*** Opening Study material ***
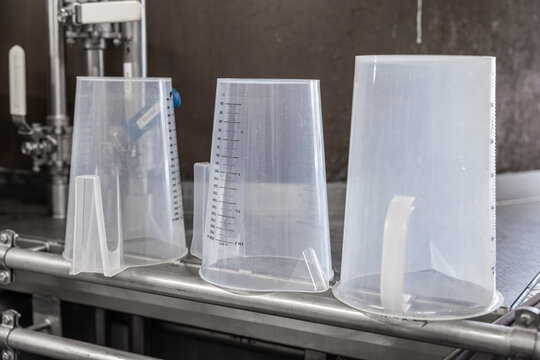 Translucent plastic measuring jugs upside down on stainless steel equipment inside a brewery or beverage production facility, with copy space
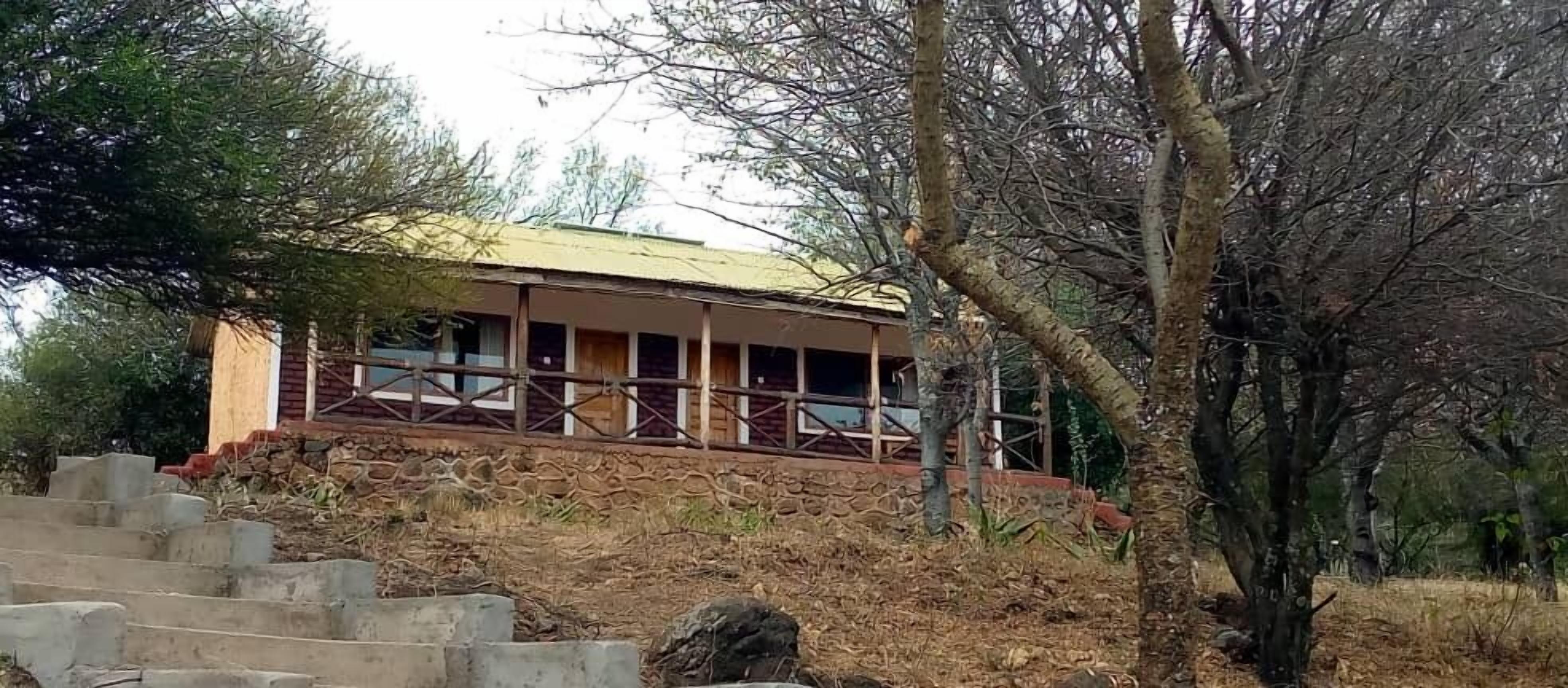 A rustic building with a wooden exterior and a balcony, surrounded by trees and a stone staircase.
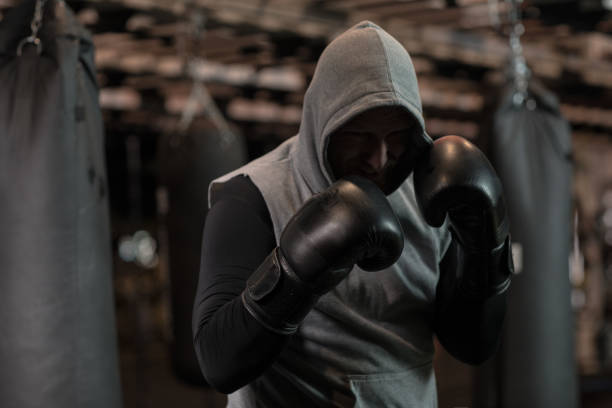Middle Aged Redhead Handsome Boxer Fighter training with Heavy bag in Gym Setting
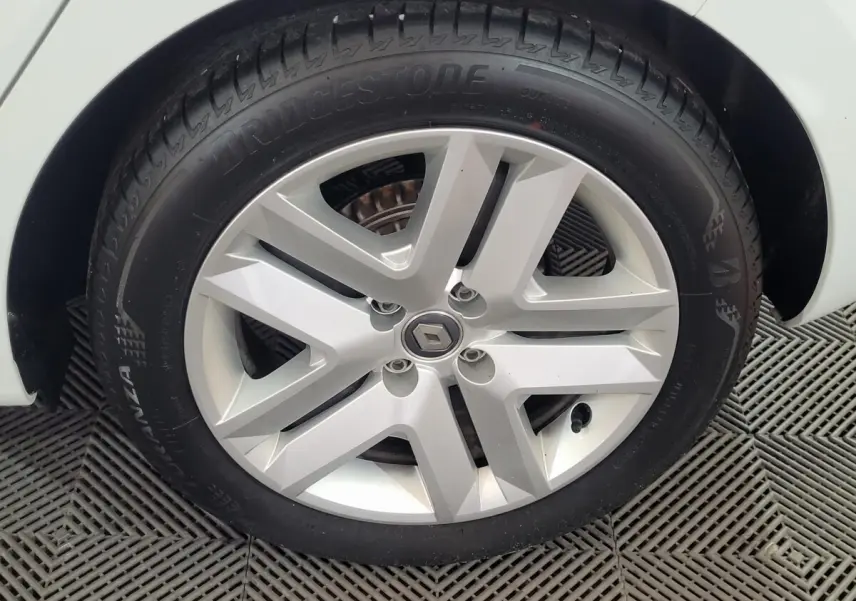 Gros plan sur la roue avant droite blanche d'une Renault Clio Business SCe 65 2021 avec jante alliage argentée.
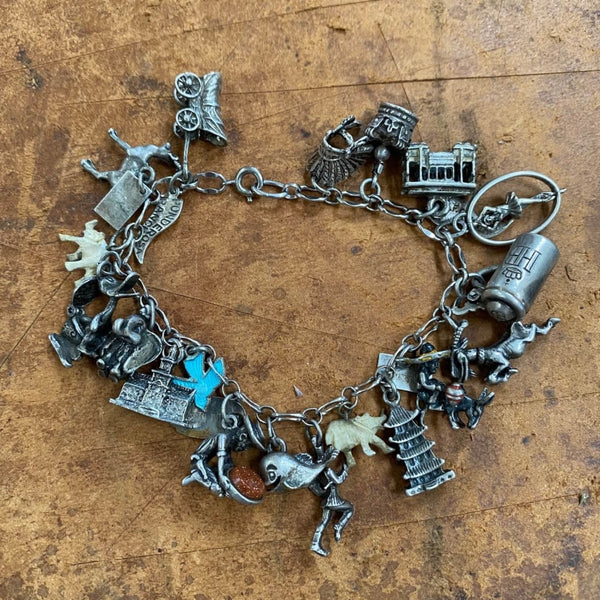 Vintage Sterling Silver 17 Charm Bracelet - Yourgreatfinds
*** Closing Study material ***
Assignment: In the data above, find the line containing "Gros plan sur"; from there, please write out each line through the end, exactly, with the pictures omitted.

Response:
 Gros plan sur la roue avant droite blanche d'une Renault Clio Business SCe 65 2021 avec jante alliage argentée.
 Vintage Sterling Silver 17 Charm Bracelet - Yourgreatfinds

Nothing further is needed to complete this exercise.